#### [Supplied information]
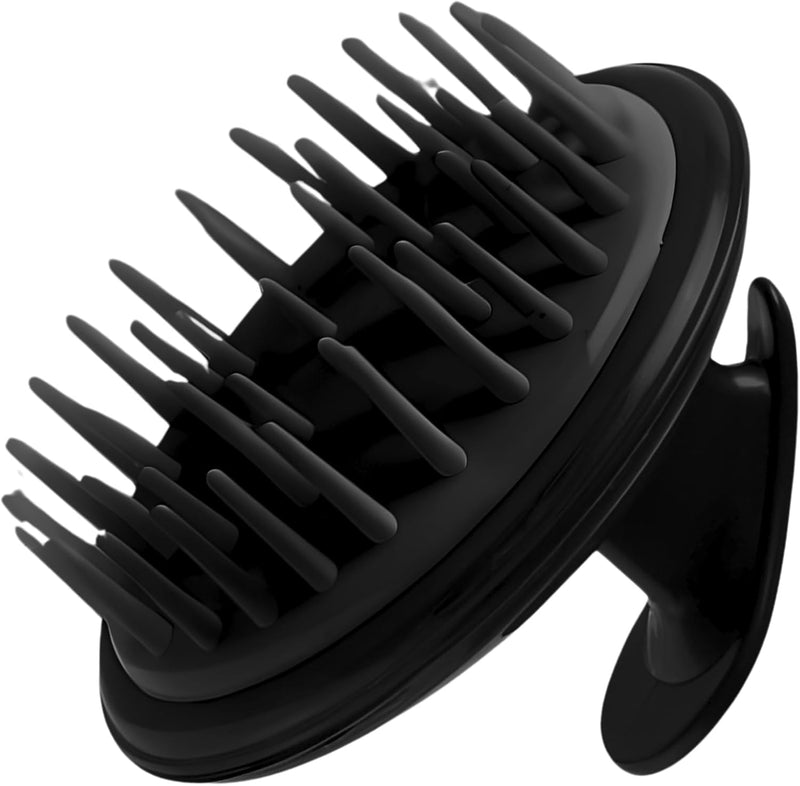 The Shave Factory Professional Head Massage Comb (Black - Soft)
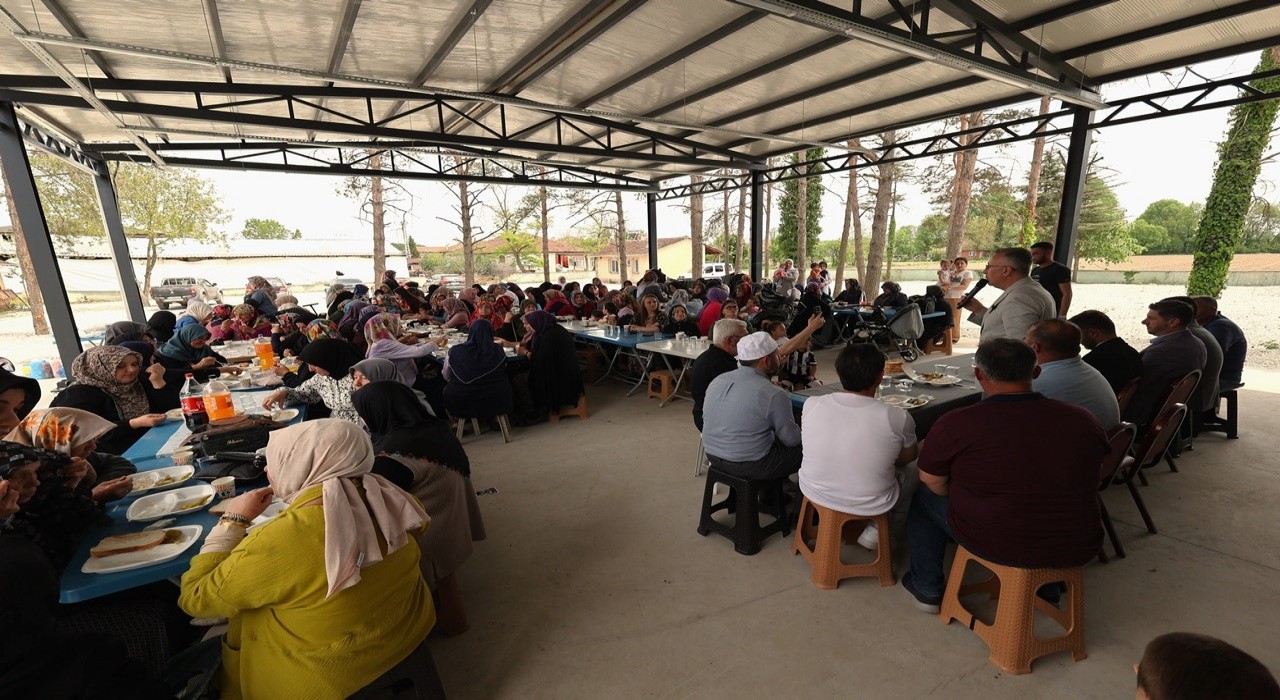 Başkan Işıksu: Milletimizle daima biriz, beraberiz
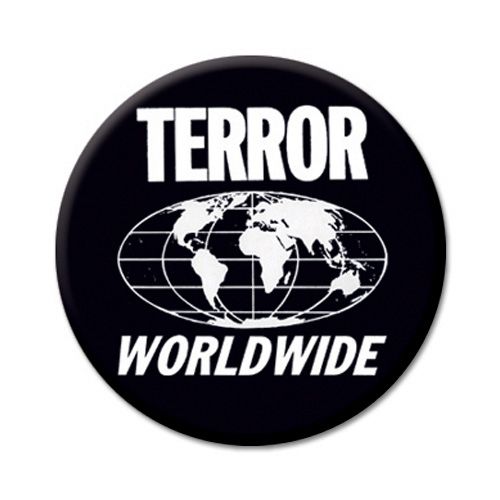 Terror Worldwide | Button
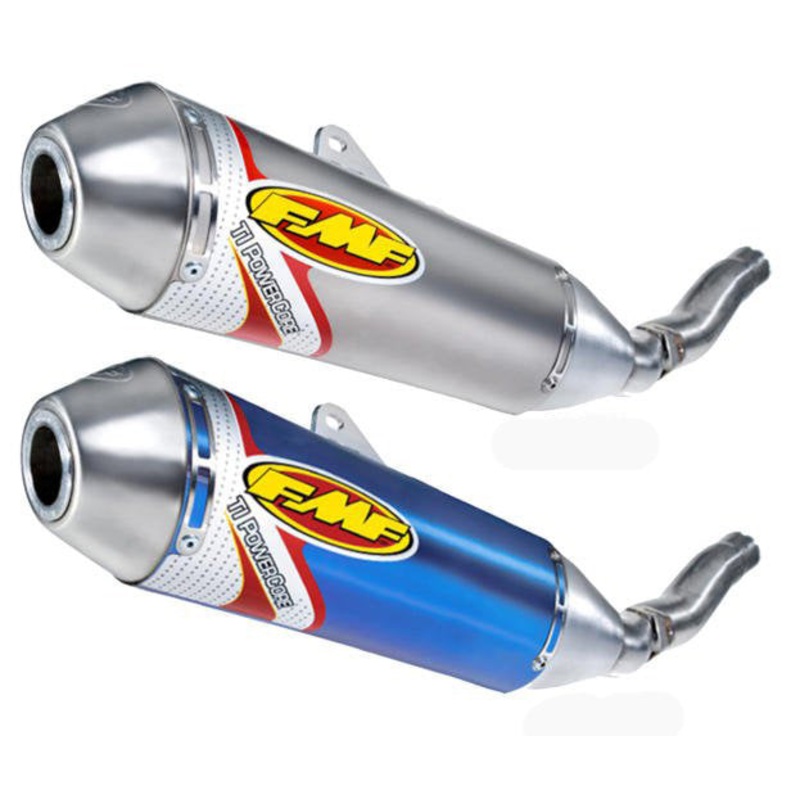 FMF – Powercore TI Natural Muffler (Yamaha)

#### [The problem]
What you return must match the material above exactly, apart from its pictures.

#### [Written solution]
 The Shave Factory Professional Head Massage Comb (Black - Soft)
 Başkan Işıksu: Milletimizle daima biriz, beraberiz
 Terror Worldwide | Button
 FMF – Powercore TI Natural Muffler (Yamaha)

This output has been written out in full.